The future can link to the past, and see what the past was thinking. The past can have links to the future, to show how thoughts changed with the benefit of hindsight. (It’s ok to responsibly edit old posts, especially if you’re adding links to the future.)

It’s an evolving hypertext of thought. The more you use it, the more valuable and powerful it becomes.

Make things open. It makes things better.

Hopefully you’re all familiar with our list of Design Principles. This is my favourite, number 10: Make things open, it makes them better.

The more open you are on your blog, the better a brain it becomes. If you’re open about what’s changing in your organisation -- if you blog about mistakes, if you blog about the new and link back to the old while you’re doing it -- then in my opinion you’re doing this. You’re making things more open, and that makes them better.

Nothing is more human than changing your mind.

You can use a blog to show how your organisation changes its mind over time. Organisations shouldn’t be afraid of that. They shouldn’t be afraid of responding to changing circumstances. It’s ok for opinions to change, for policies to change, for priorities to change.

It’s ok for your blog to say one thing one day, and something contradictory another day. Your blog becomes evidence that your organisation can actually think. That it can change and adapt.

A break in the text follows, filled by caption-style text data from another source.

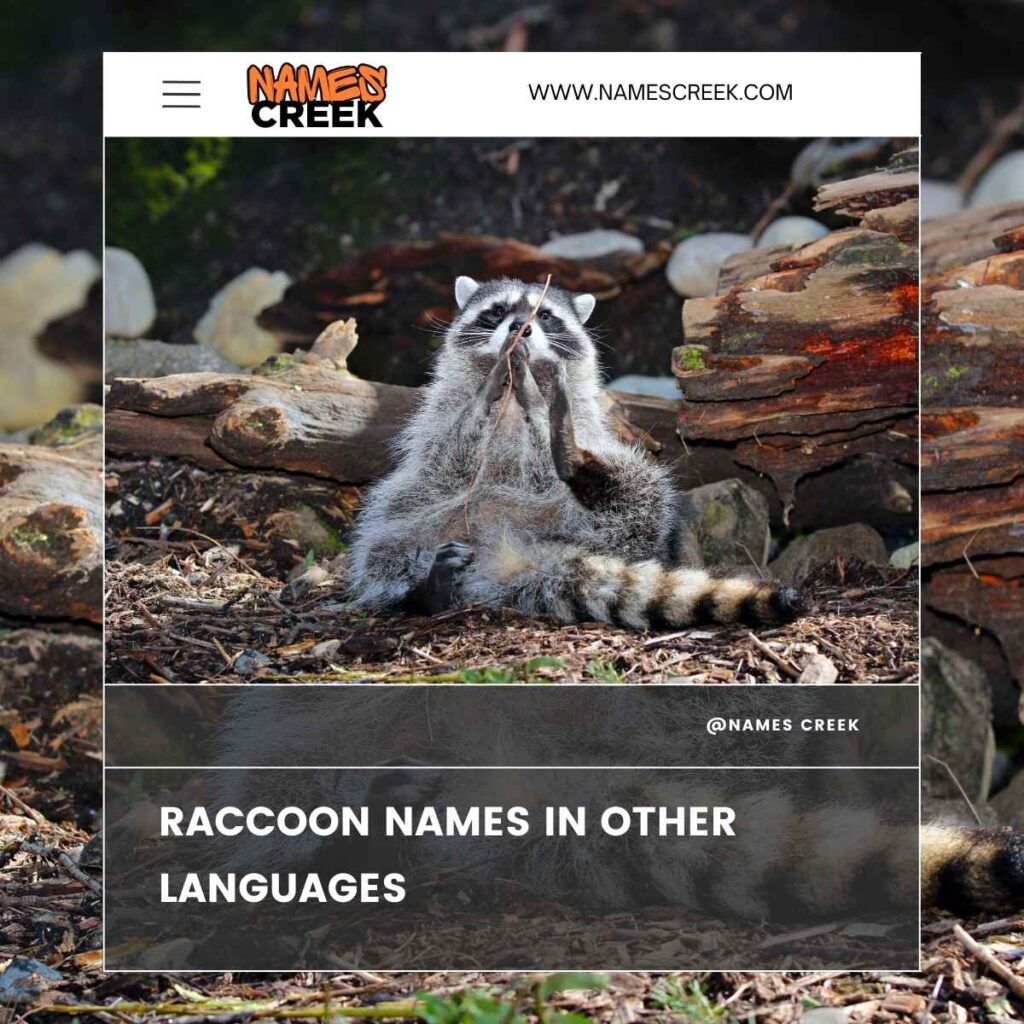 Raccoon Names in Other Languages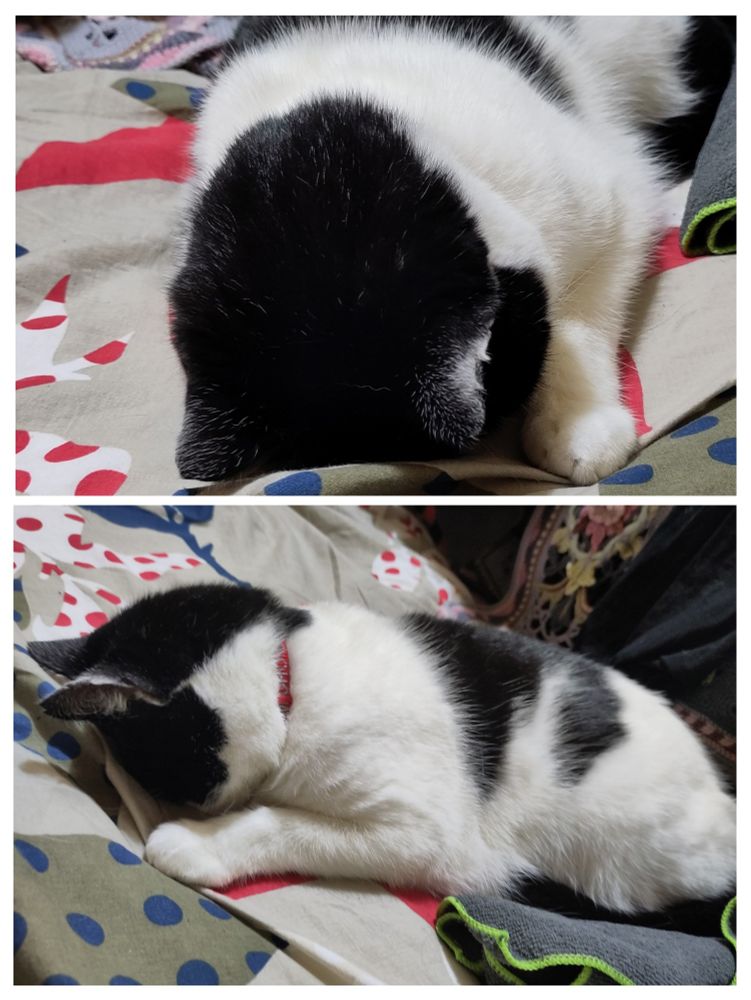 Composite of two photos of a black and white cat sleeping on her front, face down. From the side (bottom image) and the front (top image)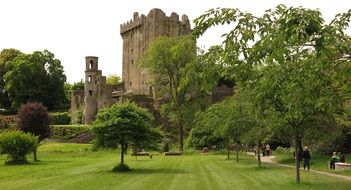 ruins of an irish castle in a beautiful park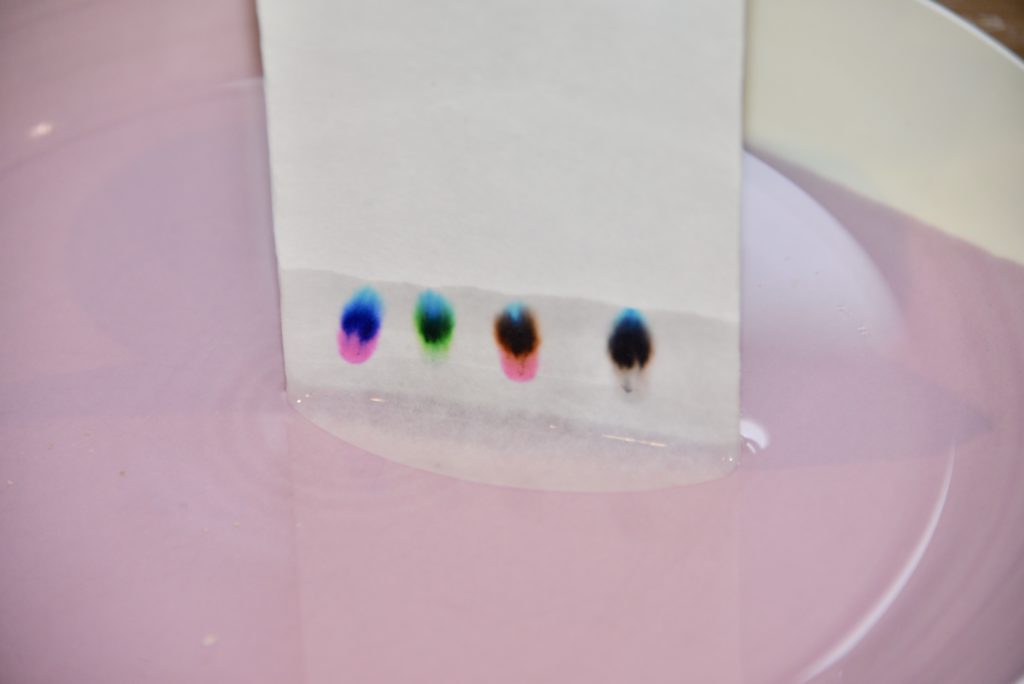 a paper chromatography experiment in action
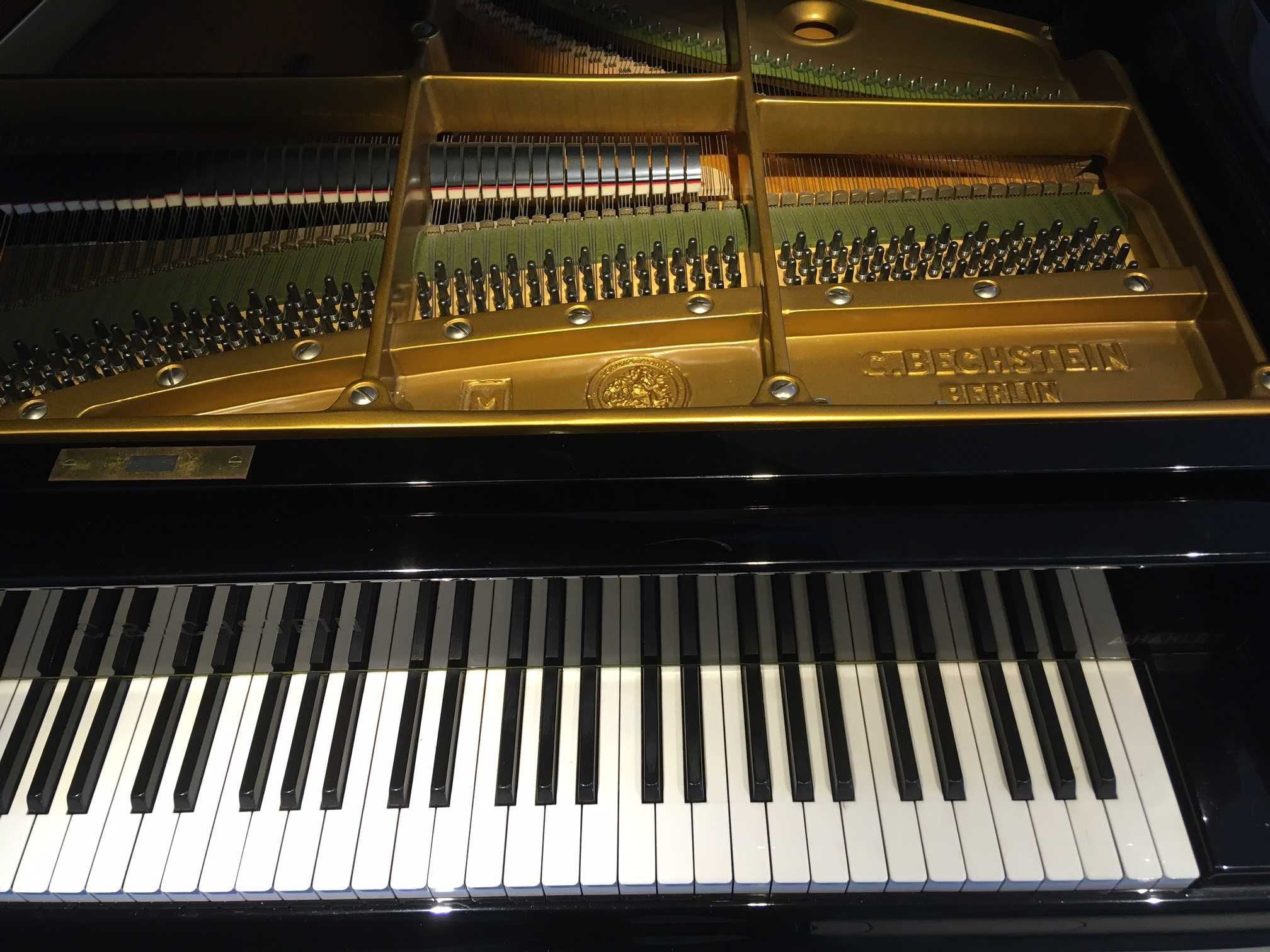 Pian de Concert - C. Bechstein B 203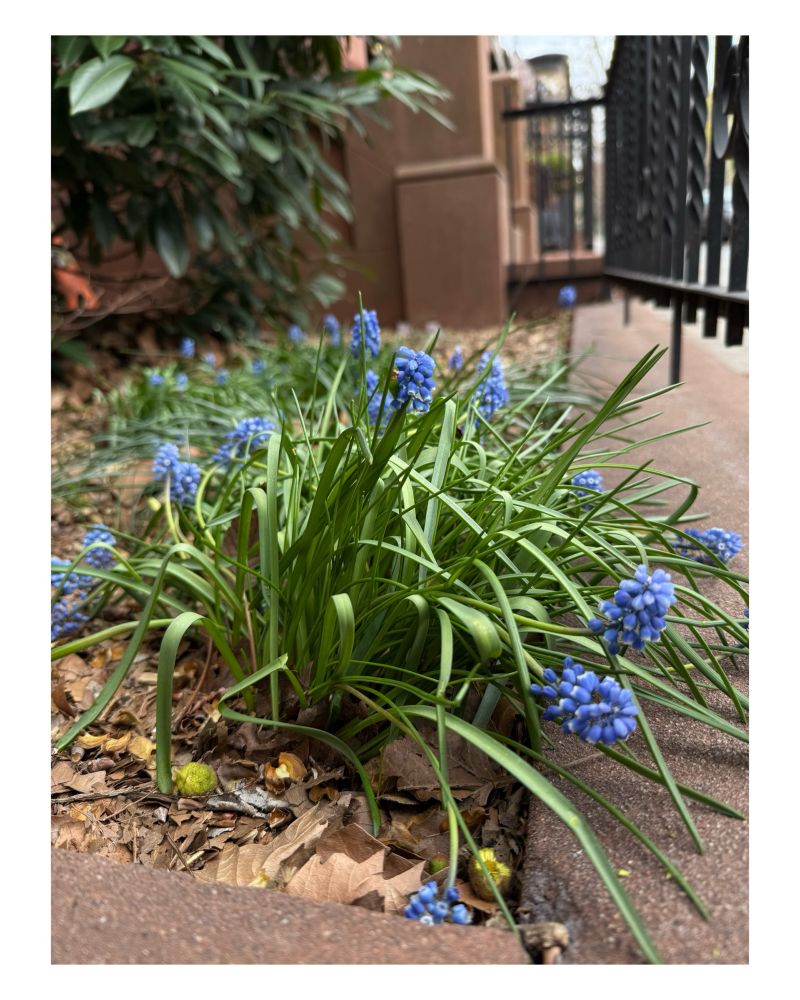 Spring flowers.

Here's a list of things I think it's ok to use your blog for:

  • ideas that might turn into something
  • ideas that never do
  • thinking dangerously
  • thinking out loud
  • dreaming out loud
  • documenting the dull stuff
  • making notes
  • talking to your future selves
  • changing your mind

That's it. I just wanted to come along and say that out loud. I just want to encourage everyone to blog like there aren't any rules.

Because there aren't any rules.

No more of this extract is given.